Believe it or not, there is a kind of noise reduction still at work. This could be one case where it is arguably intelligently adaptive to the point where we must acknowledge that its use does not necessarily have an impact on the native detail of the image. What I'm saying is that the nr is clearly acting upon only the extreme black and white range. It seems to be doing VERY well in leaving the visible middle range untouched (it does creep in a bit in areas that are naturally soft, but the hard detail areas are very intact). Therein lies the rub- it would be very hard to look at these pictures and then build a case that dnr (or some other low-pass filtering) has had any negative impact, whatsoever. It is all in the extreme black and white range, and I challenge anybody here to visually see into that range (using your own eyes on the native image) and notice any change in noise signature between the middle range to the range extremes.

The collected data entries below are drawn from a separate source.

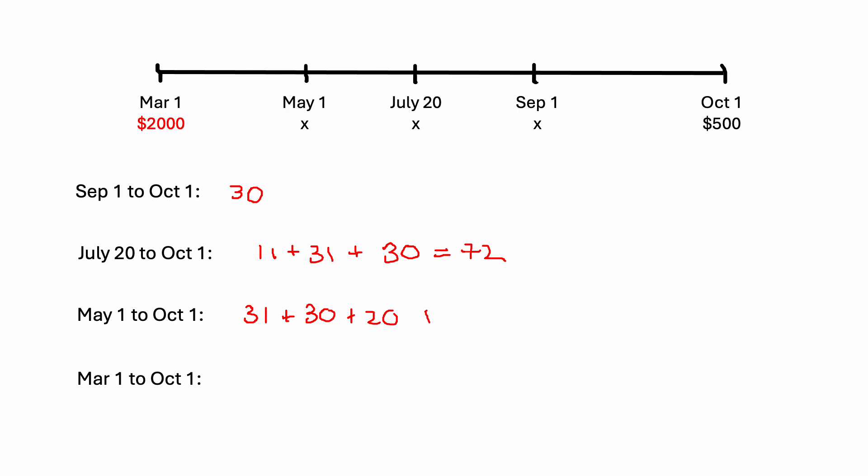And then we need 20 more for July to get to that July 20th. And now we can add on our 72. And let's see, this should get us to 153. So we should have 153 days here from when this first payment was made to our focal date of October 1st.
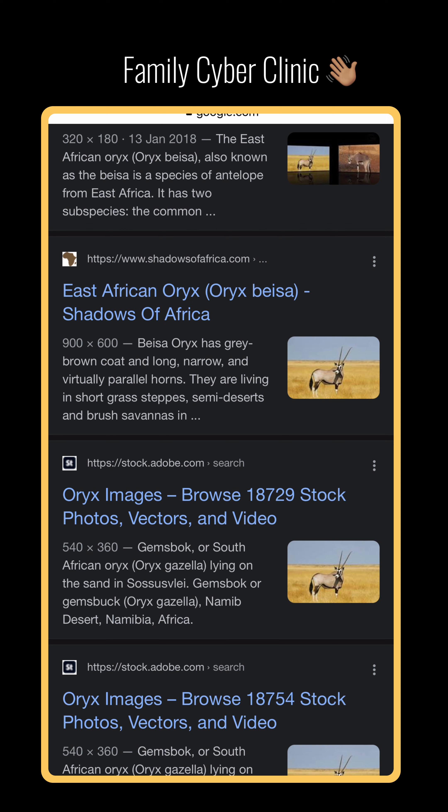It can come in very handy, especially when you think people are catfishing you or playing games on you and trying to get you into trouble. You can reverse image search an image and get information back that will help you make an informed decision about what to do with that picture. So that's important.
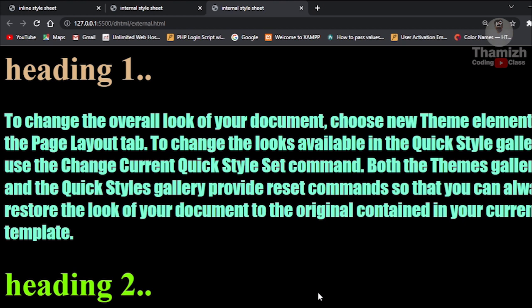There are three types of CSS: internal, external, and inline stylesheets. That is what we covered in this video. We also covered the topics in DSTML. If you are interested in web programming, watch our videos. We will meet again in the next video. This is Thamshilvan.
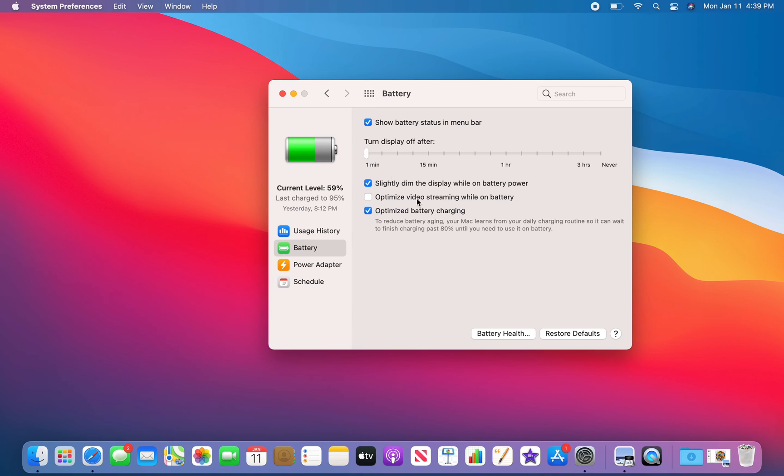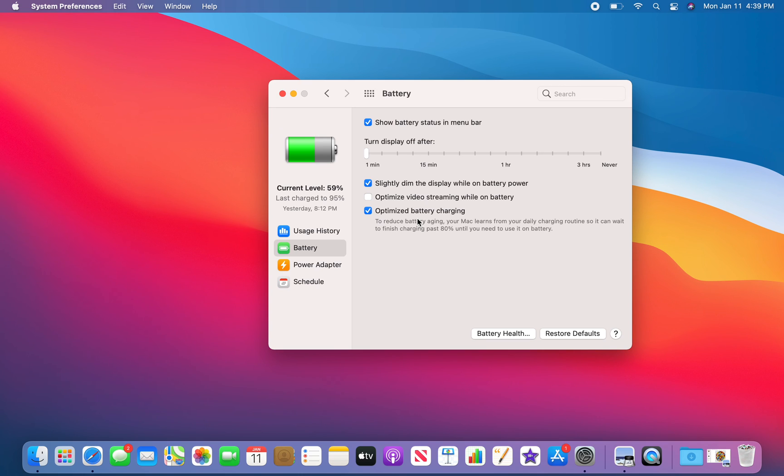So I think the default was like literally a minute, meaning that the screen would close out, it would go dark and essentially sleep after one minute of no use, which I found to be very annoying.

If you can, then kudos to you, and you will be one of the few to continue championing true pixel accuracy whether it is level 0 or level 255.

Honestly, I'm not trying to bash anything about this. On the contrary, it is the most extreme and well done case I have seen in any of the screenshot expositions for any movie done, so far. I guess I am just giving note that there is even more going on in these samples than just the evident, extreme pixel-by-pixel detail.